While photographed buildings, blue jean-wearing robots and moveable video pods may at first appear to have nothing in common, when placed in the right context they begin to converse with each other loudly enough to draw a buzz. Such is the concept behind Shift–the name of both a new Chicago arts collaborative and its debut exhibition at Heaven Gallery, featuring a fascinating array of 2-D, 3-D and interactive works.
The individuals in Shift formed last spring to create an exhibition for the Around the Coyote Arts Festival. John Kirchoff, then a graduate student at the School of the Art Institute, had spearheaded the project by inviting two artists and two non-artist friends to join him in orchestrating a work.
“I love the way collaborations think,” says Kirchoff. “They’re incredibly creative, and what you get out of it–at least from my perspective–is always radically more impressive than what you get out of an individual effort. I’m fascinated with the ideas that erupt when several people collaborate on a project, even if those people are not necessarily artists themselves.”

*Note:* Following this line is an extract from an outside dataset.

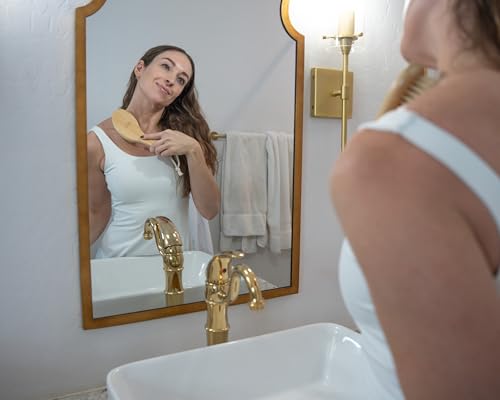 ROSENA Dry Body Brush with Curved Handle & Natural Bristles - Exfoliating Skin Care Tool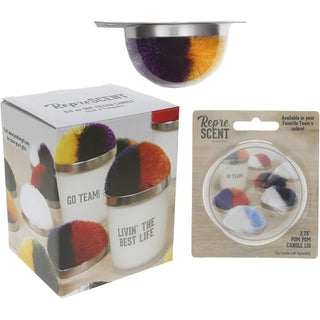 Victory Purple & Yellow - 5.5 oz - 100% Soy Wax Candle with Pom Pom Lid Scent: Tranquility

Kirchoff’s group eventually grew to as many as 15 members, but when problems surfaced with the exhibit space, the group withdrew from Coyote and was in danger of disbanding. Instead of abandoning the idea, Kirchoff focused on the four core members of the group and took the project to the next level. They drafted a mission statement to complete biannual exhibits, and instead of limiting themselves to just a group show, they sought to produce an installation as well.
The show “Shift: An Exploration of Figured Ground” succeeds on both levels. It utilizes the joined space of two adjacent galleries on Milwaukee Avenue–Heaven, which holds the curated works, and Buddy, which houses the installation–to reveal the multiple layers that bring to light the show’s theme. Through 11 very different artists, the concept is conveyed through paintings, sculpture and photography.

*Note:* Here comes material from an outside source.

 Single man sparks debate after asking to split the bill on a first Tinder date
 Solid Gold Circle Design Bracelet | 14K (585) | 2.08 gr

The most successful works in “Shift” are the most literal. Sarah Zimmer, one of the core members of the group, offers color photographs, titled “Conformal Suspention 180,” that display a nude woman poised in residential settings, seen from varying angles. The work allows the observer to begin to imagine the figure interacting mathematically within her space.
Nathan Baker’s color prints also focus on an individual but illustrate clones of the individual performing different tasks through settings such as a veterinary office, a video arcade and a construction site. The works give the appearance of the individual interacting with himself or herself, as if shifting roles and physical positions.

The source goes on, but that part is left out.